[YOUR ASSIGNMENT]: Up to and including the line with "papperslådor i en", please reproduce the lines below exactly, beginning with the first.

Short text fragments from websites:
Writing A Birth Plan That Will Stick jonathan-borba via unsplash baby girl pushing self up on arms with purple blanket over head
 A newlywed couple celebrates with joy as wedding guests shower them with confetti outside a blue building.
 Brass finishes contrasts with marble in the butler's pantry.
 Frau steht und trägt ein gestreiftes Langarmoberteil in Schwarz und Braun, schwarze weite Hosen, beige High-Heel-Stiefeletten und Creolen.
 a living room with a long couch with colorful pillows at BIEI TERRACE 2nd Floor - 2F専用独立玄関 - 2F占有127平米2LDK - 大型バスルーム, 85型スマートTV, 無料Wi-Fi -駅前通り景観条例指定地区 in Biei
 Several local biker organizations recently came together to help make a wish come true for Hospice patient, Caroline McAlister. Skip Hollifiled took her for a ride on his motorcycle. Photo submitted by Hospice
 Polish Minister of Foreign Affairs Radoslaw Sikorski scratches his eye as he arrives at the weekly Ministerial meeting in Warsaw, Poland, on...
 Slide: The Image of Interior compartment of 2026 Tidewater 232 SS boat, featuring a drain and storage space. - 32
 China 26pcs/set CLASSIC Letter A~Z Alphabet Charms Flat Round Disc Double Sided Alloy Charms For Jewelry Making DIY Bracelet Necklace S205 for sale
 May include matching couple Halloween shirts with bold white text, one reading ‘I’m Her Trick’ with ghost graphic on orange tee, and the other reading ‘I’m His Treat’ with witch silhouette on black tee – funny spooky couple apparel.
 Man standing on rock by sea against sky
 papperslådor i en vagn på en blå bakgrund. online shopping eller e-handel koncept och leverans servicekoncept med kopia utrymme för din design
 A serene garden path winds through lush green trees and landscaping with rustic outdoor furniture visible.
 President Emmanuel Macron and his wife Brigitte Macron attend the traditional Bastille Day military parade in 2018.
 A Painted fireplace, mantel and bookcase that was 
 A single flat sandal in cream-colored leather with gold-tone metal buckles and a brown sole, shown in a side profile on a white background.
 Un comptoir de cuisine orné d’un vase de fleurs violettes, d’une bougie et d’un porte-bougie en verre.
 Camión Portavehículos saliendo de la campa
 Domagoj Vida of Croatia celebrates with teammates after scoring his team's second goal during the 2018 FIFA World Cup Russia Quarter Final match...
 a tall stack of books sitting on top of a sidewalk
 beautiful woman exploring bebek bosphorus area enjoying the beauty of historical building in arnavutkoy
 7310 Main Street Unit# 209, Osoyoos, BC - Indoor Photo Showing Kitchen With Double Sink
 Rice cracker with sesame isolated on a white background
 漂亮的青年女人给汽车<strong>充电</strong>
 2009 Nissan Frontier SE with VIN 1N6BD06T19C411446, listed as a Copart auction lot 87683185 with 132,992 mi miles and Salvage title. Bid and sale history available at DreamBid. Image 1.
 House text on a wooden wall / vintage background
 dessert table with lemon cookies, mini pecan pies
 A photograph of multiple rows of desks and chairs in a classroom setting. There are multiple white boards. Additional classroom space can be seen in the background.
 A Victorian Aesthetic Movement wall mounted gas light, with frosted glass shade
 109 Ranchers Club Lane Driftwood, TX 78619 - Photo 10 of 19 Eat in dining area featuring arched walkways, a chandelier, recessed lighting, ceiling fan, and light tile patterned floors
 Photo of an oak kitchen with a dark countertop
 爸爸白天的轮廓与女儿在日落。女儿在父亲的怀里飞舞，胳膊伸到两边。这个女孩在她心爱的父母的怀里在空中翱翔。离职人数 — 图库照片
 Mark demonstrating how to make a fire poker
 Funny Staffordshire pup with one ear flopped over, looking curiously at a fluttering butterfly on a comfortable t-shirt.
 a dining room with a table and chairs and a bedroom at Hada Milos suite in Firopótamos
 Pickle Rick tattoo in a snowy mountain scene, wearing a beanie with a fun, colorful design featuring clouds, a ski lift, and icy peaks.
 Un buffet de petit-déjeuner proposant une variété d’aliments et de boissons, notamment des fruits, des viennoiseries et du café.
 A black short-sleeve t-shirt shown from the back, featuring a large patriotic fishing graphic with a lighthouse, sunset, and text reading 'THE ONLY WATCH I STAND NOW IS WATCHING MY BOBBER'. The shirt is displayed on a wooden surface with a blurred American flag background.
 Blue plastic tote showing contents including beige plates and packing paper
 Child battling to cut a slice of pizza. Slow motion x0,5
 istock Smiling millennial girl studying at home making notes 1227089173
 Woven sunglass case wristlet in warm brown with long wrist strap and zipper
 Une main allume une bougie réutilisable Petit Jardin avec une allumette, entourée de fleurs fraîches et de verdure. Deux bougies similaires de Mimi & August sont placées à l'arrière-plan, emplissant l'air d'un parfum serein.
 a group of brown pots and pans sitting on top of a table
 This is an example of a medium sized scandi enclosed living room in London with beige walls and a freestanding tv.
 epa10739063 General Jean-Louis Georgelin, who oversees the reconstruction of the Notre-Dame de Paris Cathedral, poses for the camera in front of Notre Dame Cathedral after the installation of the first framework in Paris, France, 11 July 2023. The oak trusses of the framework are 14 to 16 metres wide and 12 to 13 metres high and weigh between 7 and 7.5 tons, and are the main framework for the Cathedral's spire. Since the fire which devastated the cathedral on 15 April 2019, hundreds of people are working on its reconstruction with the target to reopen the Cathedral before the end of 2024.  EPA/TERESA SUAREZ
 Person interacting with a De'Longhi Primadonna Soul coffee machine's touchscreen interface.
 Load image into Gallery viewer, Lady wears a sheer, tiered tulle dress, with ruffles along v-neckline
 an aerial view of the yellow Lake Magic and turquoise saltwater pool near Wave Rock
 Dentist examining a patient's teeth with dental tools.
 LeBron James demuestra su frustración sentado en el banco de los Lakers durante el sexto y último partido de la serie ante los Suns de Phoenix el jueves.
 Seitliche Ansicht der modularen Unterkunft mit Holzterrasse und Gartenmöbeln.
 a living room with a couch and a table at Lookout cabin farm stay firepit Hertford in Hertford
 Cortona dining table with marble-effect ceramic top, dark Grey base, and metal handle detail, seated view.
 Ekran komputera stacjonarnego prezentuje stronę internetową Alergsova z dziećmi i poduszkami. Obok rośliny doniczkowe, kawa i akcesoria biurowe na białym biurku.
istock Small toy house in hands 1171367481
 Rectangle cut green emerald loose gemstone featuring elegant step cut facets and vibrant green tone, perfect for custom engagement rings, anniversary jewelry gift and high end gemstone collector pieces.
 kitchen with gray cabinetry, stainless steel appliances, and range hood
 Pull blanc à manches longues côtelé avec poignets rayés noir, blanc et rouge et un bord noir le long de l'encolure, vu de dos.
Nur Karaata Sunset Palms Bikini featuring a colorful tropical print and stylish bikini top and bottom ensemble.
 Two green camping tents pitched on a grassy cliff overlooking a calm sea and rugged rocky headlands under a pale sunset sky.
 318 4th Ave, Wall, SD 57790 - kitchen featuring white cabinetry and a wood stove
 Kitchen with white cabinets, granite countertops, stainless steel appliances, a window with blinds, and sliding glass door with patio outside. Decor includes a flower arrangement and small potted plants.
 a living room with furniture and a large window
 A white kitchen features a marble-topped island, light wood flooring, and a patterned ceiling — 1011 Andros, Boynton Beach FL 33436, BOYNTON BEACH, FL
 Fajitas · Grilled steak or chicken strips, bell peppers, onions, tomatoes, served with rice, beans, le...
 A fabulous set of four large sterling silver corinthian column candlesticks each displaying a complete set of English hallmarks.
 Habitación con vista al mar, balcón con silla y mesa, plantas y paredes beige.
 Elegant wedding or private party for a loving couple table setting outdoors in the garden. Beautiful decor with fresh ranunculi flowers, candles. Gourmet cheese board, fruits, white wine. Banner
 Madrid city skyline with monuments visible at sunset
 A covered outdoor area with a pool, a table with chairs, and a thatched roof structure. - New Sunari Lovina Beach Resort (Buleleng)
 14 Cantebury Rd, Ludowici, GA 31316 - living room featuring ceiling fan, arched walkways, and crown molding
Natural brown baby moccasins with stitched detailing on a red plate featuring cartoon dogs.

[EXPECTED OUTPUT]:
Writing A Birth Plan That Will Stick jonathan-borba via unsplash baby girl pushing self up on arms with purple blanket over head
 A newlywed couple celebrates with joy as wedding guests shower them with confetti outside a blue building.
 Brass finishes contrasts with marble in the butler's pantry.
 Frau steht und trägt ein gestreiftes Langarmoberteil in Schwarz und Braun, schwarze weite Hosen, beige High-Heel-Stiefeletten und Creolen.
 a living room with a long couch with colorful pillows at BIEI TERRACE 2nd Floor - 2F専用独立玄関 - 2F占有127平米2LDK - 大型バスルーム, 85型スマートTV, 無料Wi-Fi -駅前通り景観条例指定地区 in Biei
 Several local biker organizations recently came together to help make a wish come true for Hospice patient, Caroline McAlister. Skip Hollifiled took her for a ride on his motorcycle. Photo submitted by Hospice
 Polish Minister of Foreign Affairs Radoslaw Sikorski scratches his eye as he arrives at the weekly Ministerial meeting in Warsaw, Poland, on...
 Slide: The Image of Interior compartment of 2026 Tidewater 232 SS boat, featuring a drain and storage space. - 32
 China 26pcs/set CLASSIC Letter A~Z Alphabet Charms Flat Round Disc Double Sided Alloy Charms For Jewelry Making DIY Bracelet Necklace S205 for sale
 May include matching couple Halloween shirts with bold white text, one reading ‘I’m Her Trick’ with ghost graphic on orange tee, and the other reading ‘I’m His Treat’ with witch silhouette on black tee – funny spooky couple apparel.
 Man standing on rock by sea against sky
 papperslådor i en vagn på en blå bakgrund. online shopping eller e-handel koncept och leverans servicekoncept med kopia utrymme för din design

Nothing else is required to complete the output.